Exhibition Tour: Beads as Markers of Memory
Wednesday, November 29 | 6:00 – 8:00 pm
Experience Radical Stitch through the eyes of bead artist and researcher Melissa Twance, a place where beadwork is alive with memory and storytelling.
Artist Bio: Melissa Twance is a beadwork artist from Netmizaagamig Nishinaabeg. Her beadwork designs pay homage to Northwestern Ontario and traditional Anishinaabe iconography with infusions of contemporary and pop culture aesthetics. She has exhibited her work in group exhibitions including the Thunder Bay Art Gallery and the Ontario Craft Council Gallery. Melissa is currently completing her PhD in Education. Her dissertation research examines the knowledge embedded in Anishinaabe bead, quill, and hide work, reflecting on the value of learning with and through creative land-based practices. Melissa is also a Lecturer in the Faculty of Education at the University of Winnipeg.
RADICAL STITCH IS ONE OF THE MOST SIGNIFICANT EXHIBITIONS OF CONTEMPORARY INDIGENOUS BEADING ACROSS NORTH AMERICA EVER PRESENTED.

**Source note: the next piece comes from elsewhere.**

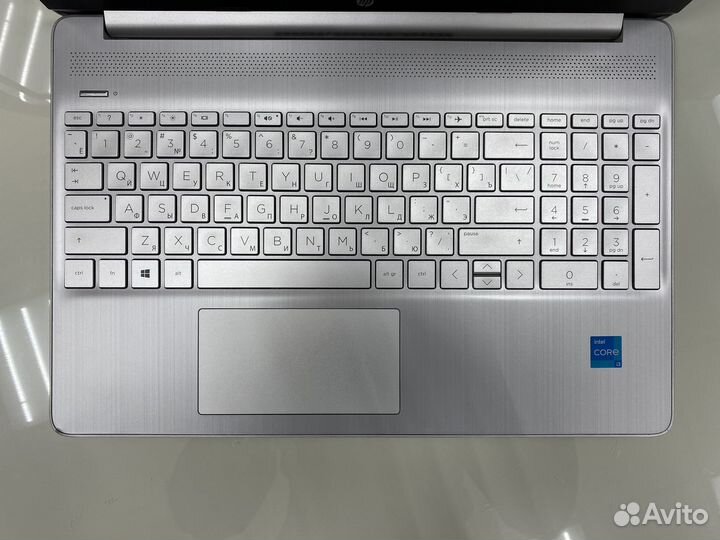 HP FullHD IPS/i3-1125G4/8GB DDR4/512GB SSD/UHD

Beading is one of the defining mediums of contemporary Indigenous art on this continent, and this landmark exhibition brings much-needed critical attention to the breadth and impact of this practice.
Radical Stitch looks at the contemporary and transformative context of beading through the aesthetic innovations of artists and the tactile beauty of beads. Beading materials and techniques are rooted in both culturally informed traditions and cultural adaptation, and function as a place of encounter, knowledge transfer, and acts of resistance. Connecting to a tradition of making, exercised over thousands of years, this skill-based practice ties one artist to another, past to present and beyond.
The exhibition includes a range of work from the customary to the contemporary, with a variety of approaches, concepts, and purposes. Gathering together top artists from across North America/Turtle Island, the selected pieces exemplify the current and future directions of some of the most exciting and impressive practices. The works in Radical Stitch invite viewers to immerse themselves in the political, creative, and aesthetic dimensions of beadwork.
Hemlock, Babe & Carla Continuing the Legacy, 2015, cradleboard with beaded mossbag. Collection of the artist. Photo by: Don Hall, courtesy of the MacKenzie Art Gallery.
The Thunder Bay Art Gallery is thrilled to bring this large-scale exhibition to our northern city, a regional hub with a thriving community of bead workers. Artists from Thunder Bay and Fort William First Nation are included in an exceptional list of talent.
Ruth Cuthand, Brain Scan Series, glass beads, thread, backing, Mackenzie Art Gallery, 2022. Indigenous Art Collection, Crown-Indigenous Relations and Northern Affairs Canada. Photos by: Don Hall, courtesy of the MacKenzie Art Gallery.
Installation view, Radical Stitch, Mackenzie Art Gallery, 2022. Photos by: Don Hall, courtesy of the MacKenzie Art Gallery.
Teri Greeves, NDN Art, 2008. Size 13 cut beads, glass beads, brain-tanned deer hide, cotton. Courtesy of Ellen and Bill Taubman. Photos by: Don Hall, courtesy of the MacKenzie Art Gallery
Artists included in this exhibition:
Joyce Growing Thunder
Babe & Carla Hemlock
Elias Not Afraid
Alesia & Farlan Quetawki
Dyani White Hawk
Kenneth Williams Jr.
Radical Stitch is organized and circulated by the MacKenzie Art Gallery. Curated by Sherry Farrell Racette, Michelle Lavallee, and Cathy Mattes.
The MacKenzie recieves ongoing support from the South Saskatchewan Community Foundation, Canada Council for the Arts, SaskCulture, City of Regina, and Saskatchewan Arts Board. Tour Supported by Canada Council for the Arts. Funded by the Ontario Arts Council.
“I’m really excited [Radical Stitch] is going to Thunder Bay because I feel it’s such a receptive audience. It’s so right that the exhibition is going there — it’s such a centre for many things. The Thunder Bay Art Gallery has been a leader in promoting and including Indigenous artists, especially artists from the region, for so long. They have such a strong history of that. I’m so excited for what [the art gallery] is going to do with it. […] They’re so tuned in to all the nuances because they work with the community all the time.”